Un jeune de 22 ans touché par trente plombs
Devant la cour d’assises des mineurs, l’avocat général a demandé contre l’accusé, âgé de 16 ans au moment des faits, une peine pour adulte
La peine requise contre le jeune Antoine, après presque deux heures de réquisitoire, est tombée hier soir de la bouche de l’avocat général Pierre Cortès comme un couperet : quatorze ans de réclusion criminelle. Le même quantum qu’il avait demandé en février dernier, devant la cour d’assises des mineurs des Bouches-du-Rhône, pour sanctionner des coups mortels en réunion sur un retraité de 79 ans, à Mimet, près de Gardanne, le soir du 31 octobre 2014.
Famille en colère
Dans ce procès en appel devant les jurés varois, la parole avait auparavant été donnée à Me Christophe Bas. Il représentait les intérêts des deux nièces de Jean Jelencik, qui le considéraient comme un père. En butte aux incivilités d’une vingtaine de jeunes des environs, qui depuis des années considéraient comme un jeu le fait de le provoquer la nuit, jusqu’à ce qu’il sorte de sa maison, il s’était trouvé confronté à trois d’entre eux. Ils l’avaient passé à tabac, et il était mort deux semaines plus tard, des suites d’un hématome cérébral. « Il est mort écrasé du pied, comme on écrase un nuisible, a-t-il lancé pour exprimer la colère de sa famille. Une colère qui donne soif d’une peine sans limite et sans mesure. » L’avocat général a demandé aux jurés de se transporter par la pensée sur la scène de crime, un lotissement de maisons construites à l’époque pour les mineurs de la région de Gardanne. Un endroit que des jeunes gens avaient choisi pour se réunir le soir, autour d’un abribus, pour s’amuser sans retenue en faisant du bruit, sans considération pour les riverains. Pour lui, le drame était dû « à leurs provocations, dans le but de tromper leur ennui en faisant intervenir Jean Jelencik qui ne demandait rien à personne ». Puisant dans les témoignages, Pierre Cortès a décrit l’instant fatal où la victime a subi des violences de la part de Gaël, de la jeune Angélique, qui n’avait pas fui avec les autres en voyant arriver le retraité en colère, et enfin par Antoine. « La colère, la haine, c’est ça votre moteur ,at-il dit à l’accusé.
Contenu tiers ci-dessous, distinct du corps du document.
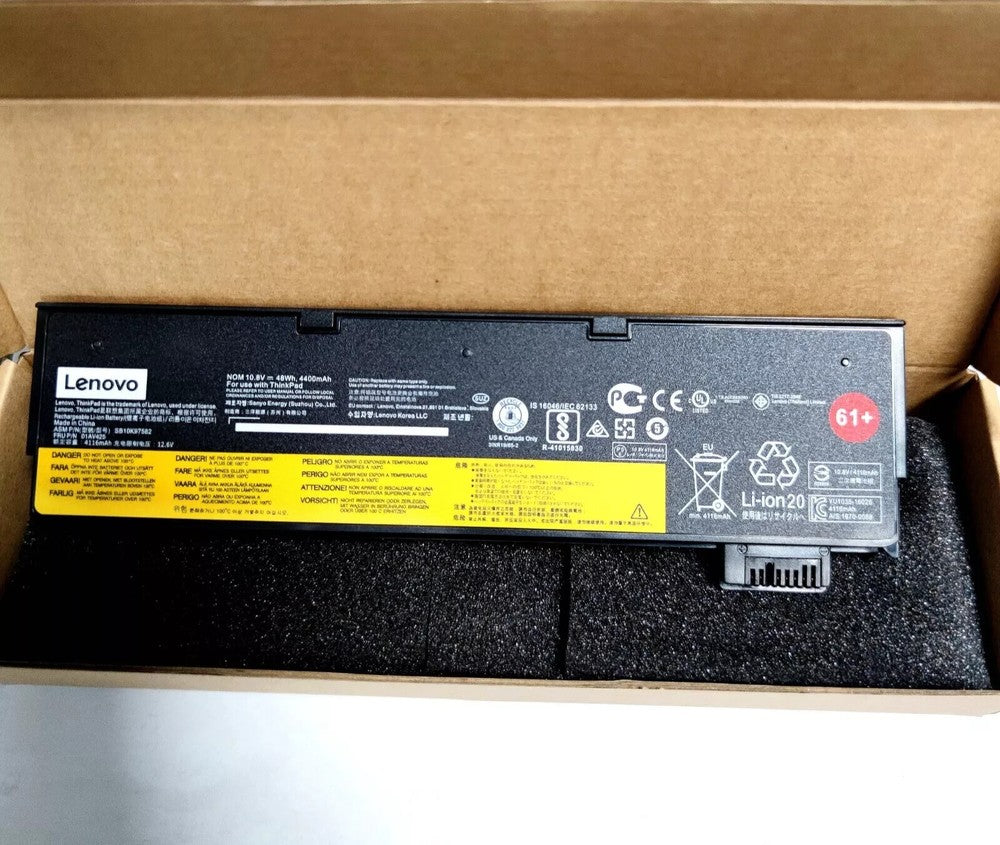 Original New 61+ Battery For Lenovo Thinkpad T470 T480 T570 01AV425 01AV424 48Wh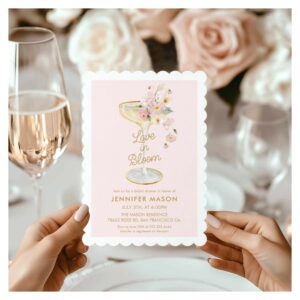 Love in Bloom Champagne Bridal Shower Invitation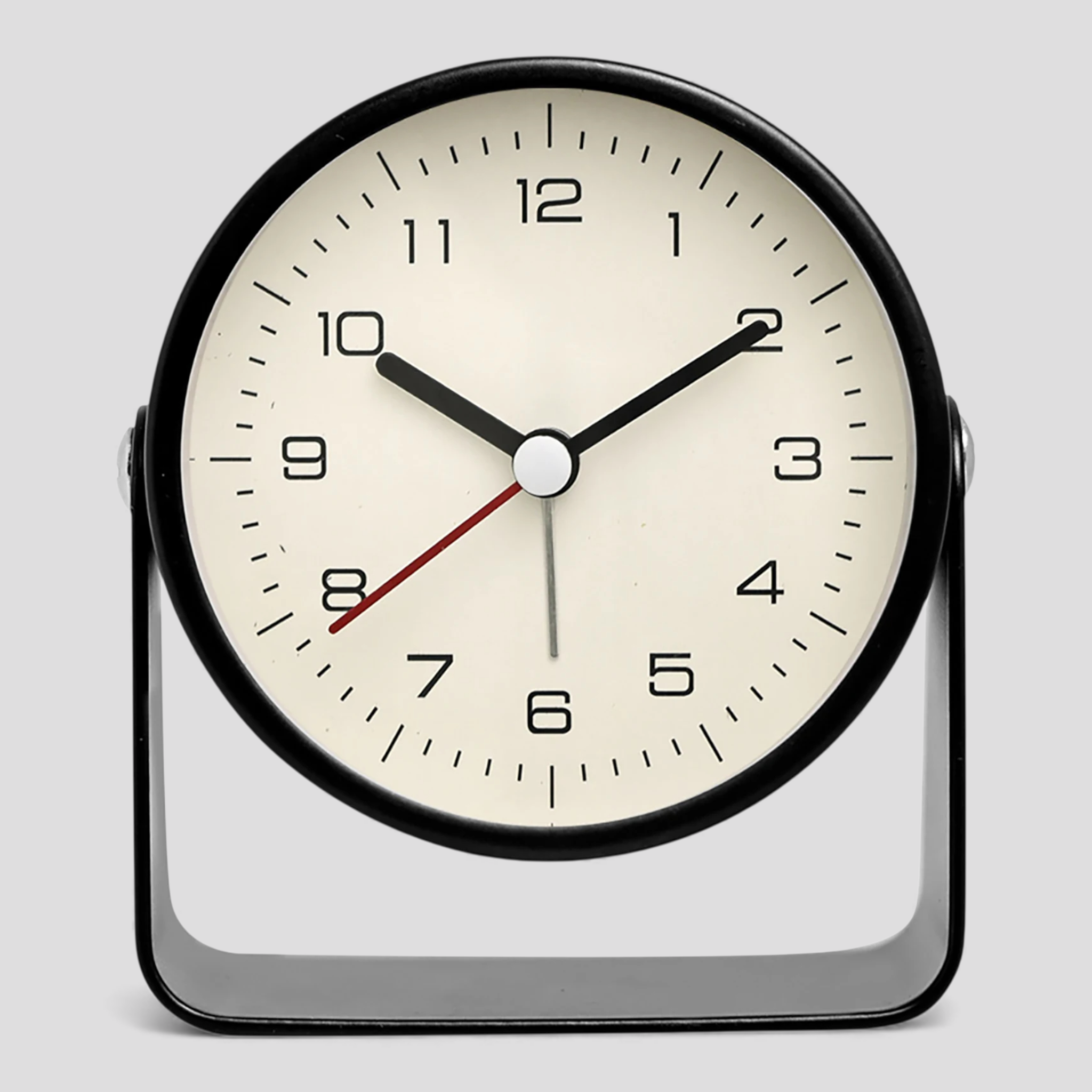 Horloges : Réveil analogique silencieux noir vintage en lin - Style rétro pour chambre à coucher dans de Marche Lino
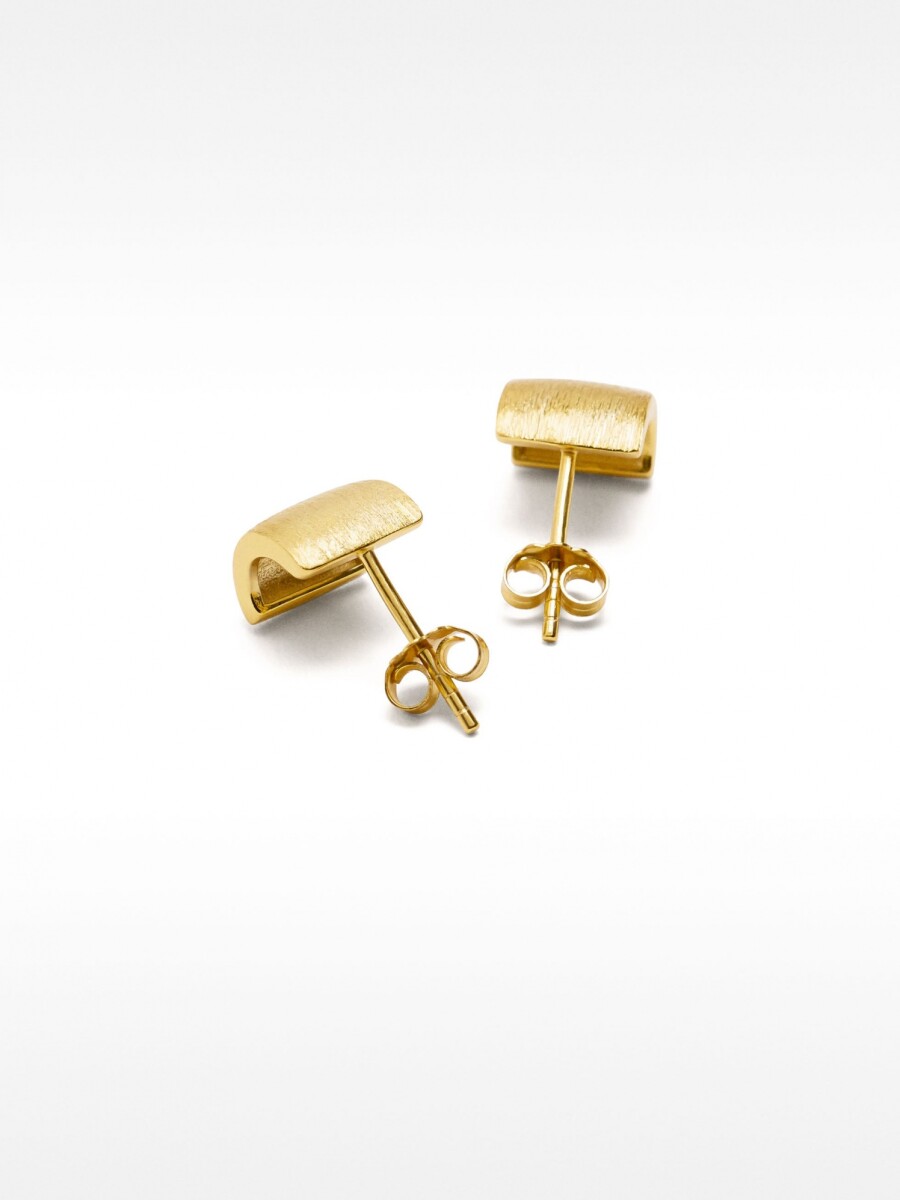 Pendientes Rectangulares - Plata De Ley 925 dorado
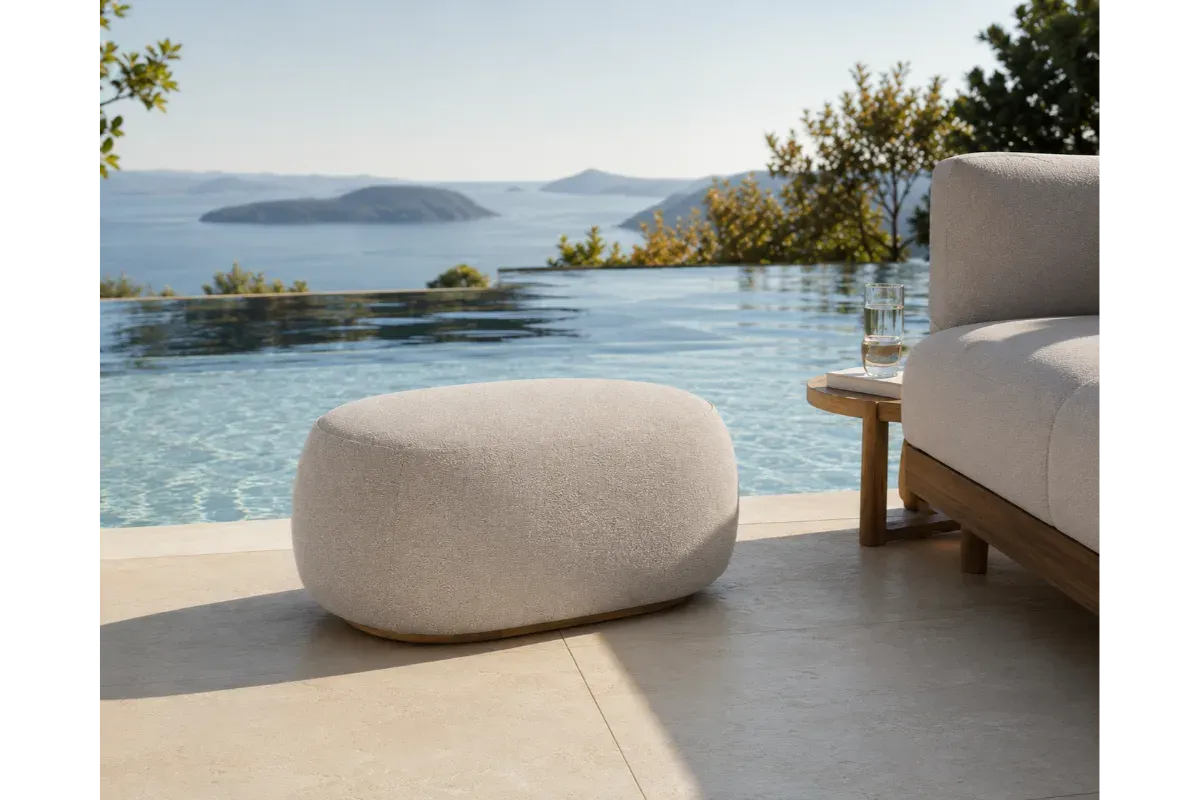 The Ruby Pouf - Fauteuils de jardin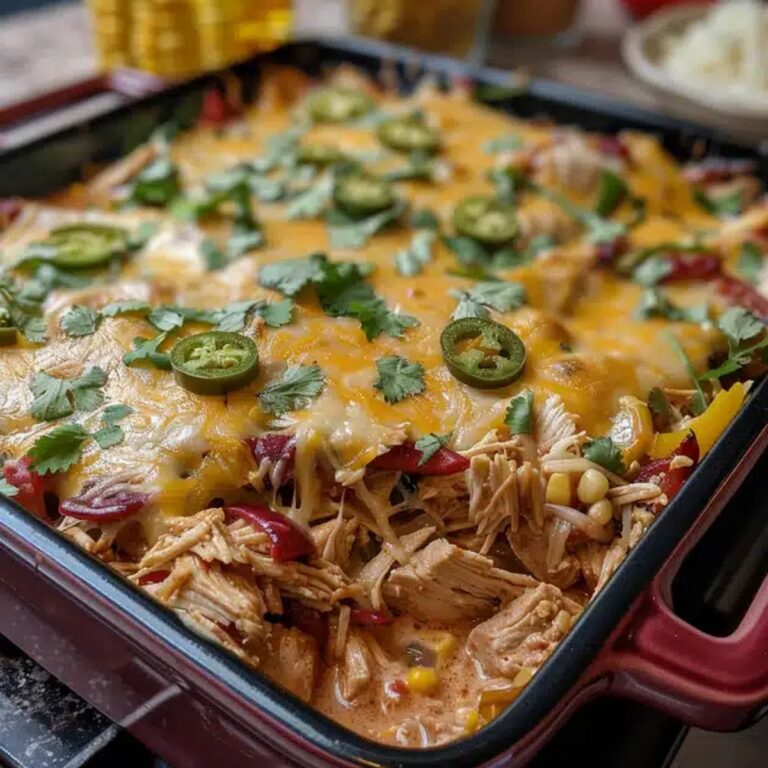 Spicy Chicken Fajita Casserole Recipe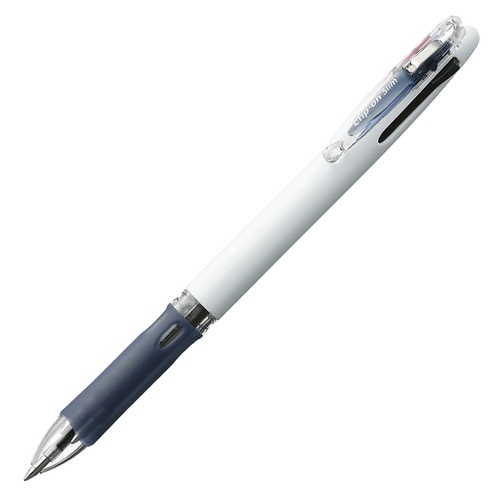 ゼブラ　多色油性ボールペン　クリップ－オン　スリム３Ｃ　０．７ｍｍ　（軸色　白）　Ｂ３Ａ５－Ｗ　１本1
Parce que l’occasion vous est donnée de briller devant les autres. Des coups de pied dans la tête, des shoots puis des coups d’écrasement, portés avec acharnement. On n’est pas très loin de l’intention homicide quand on donne ces coups-là à cet endroit-là. »
Pas d’excuse
L’avocat général n’a pas eu la dent moins dure envers les familles d’Antoine et Angélique, qui avaient décidé de ne rien dire aux gendarmes pendant quatre mois. « Il a été pris par votre famille la décision de mettre un cadavre dans le placard de manière définitive. Le deuxième crime c’est celui des adultes, c’est l’enterrement de la vérité. Un bras d’honneur fait à la justice en disant : tout le monde se tait. » « Quant à la peine qu’il estimait juste, M. Cortès l’a proportionnée à la gravité du crime. » « La peine pour des coups mortels, c’est quinze ans. La réunion avec Gaël et Angélique porte le maximum à vingt ans. La diminution de peine pour cause de minorité réduit le maximum de moitié, de vingt à dix ans. Mais la loi prévoit qu’on peut l’écarter exceptionnellement, si la personne était âgée d’au moins 16 ans, compte tenu de la gravité des faits et de sa personnalité. » «J’avais requis quatorze ans à Aix-en-Provence, en proposant à la cour d’écarter l’excuse de minorité. Je prends les mêmes réquisitions aujourd’hui. » Ce matin, à la reprise de l’audience, la parole sera donnée au bâtonnier Jean-Louis Keita pour la défense de l’accusé.